— Collected data —

┏━━

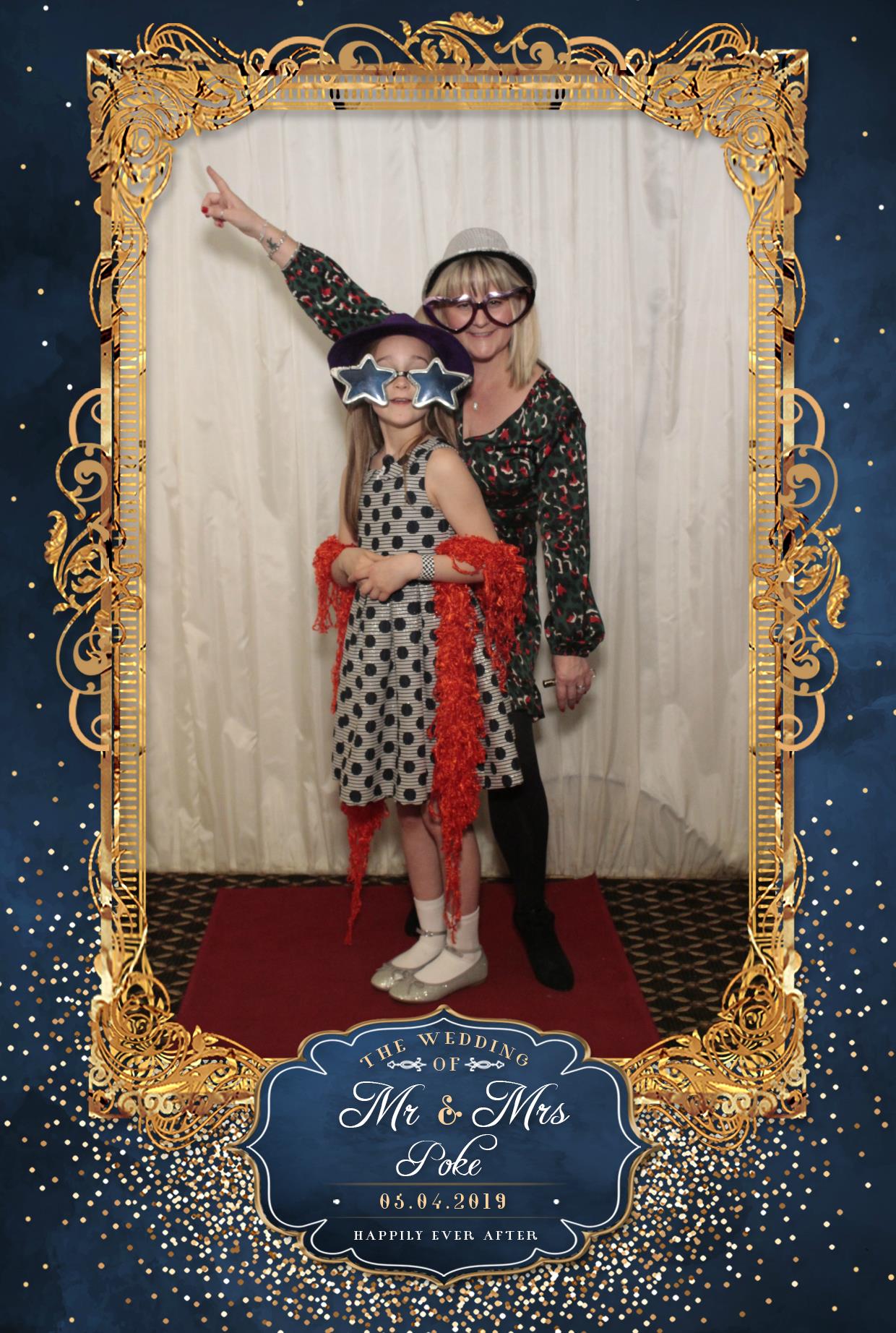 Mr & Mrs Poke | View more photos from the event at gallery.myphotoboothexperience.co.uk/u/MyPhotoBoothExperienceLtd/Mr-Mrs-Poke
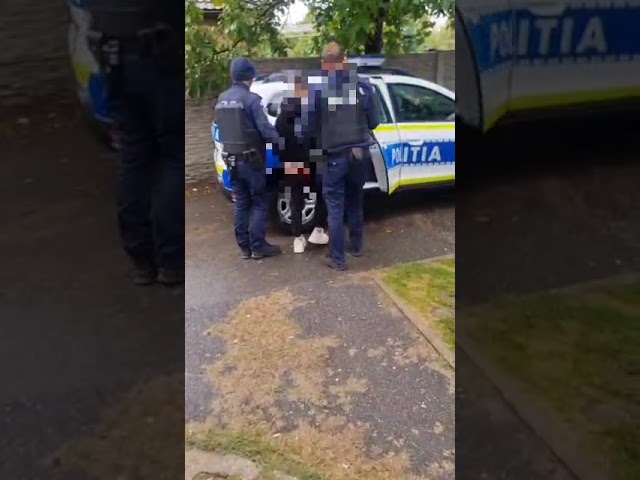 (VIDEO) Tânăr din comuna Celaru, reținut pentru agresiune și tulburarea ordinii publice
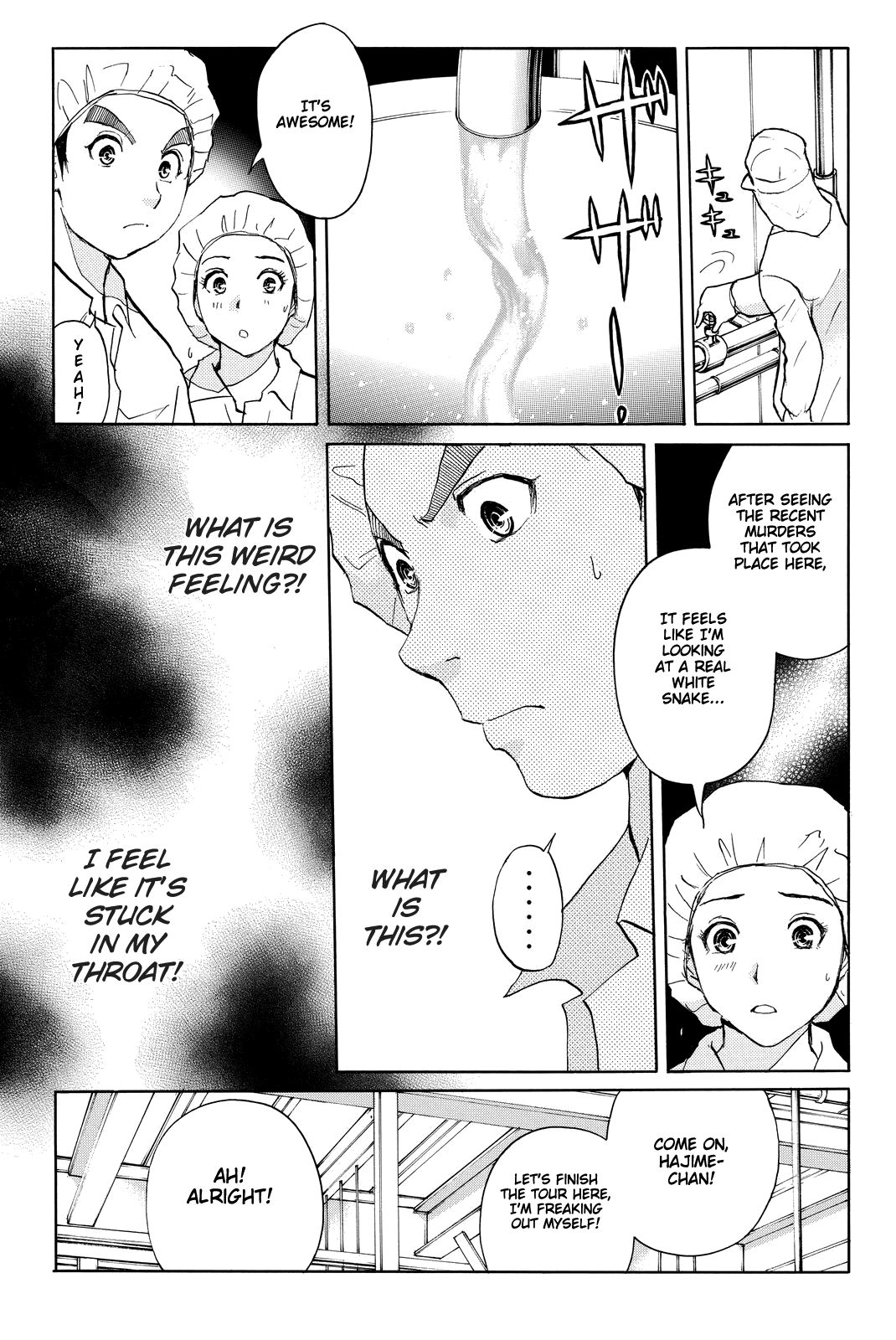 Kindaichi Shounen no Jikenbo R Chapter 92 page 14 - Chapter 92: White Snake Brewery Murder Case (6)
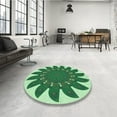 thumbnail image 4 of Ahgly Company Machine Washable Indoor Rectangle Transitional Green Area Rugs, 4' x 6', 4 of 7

┗━━

— What the task requires —
Omit the pictures. Transcribe word for word the lines from the one containing "(VIDEO) Tânăr din" through the end of the listing, inclusive.

— Reply —
 (VIDEO) Tânăr din comuna Celaru, reținut pentru agresiune și tulburarea ordinii publice
 Kindaichi Shounen no Jikenbo R Chapter 92 page 14 - Chapter 92: White Snake Brewery Murder Case (6)
 thumbnail image 4 of Ahgly Company Machine Washable Indoor Rectangle Transitional Green Area Rugs, 4' x 6', 4 of 7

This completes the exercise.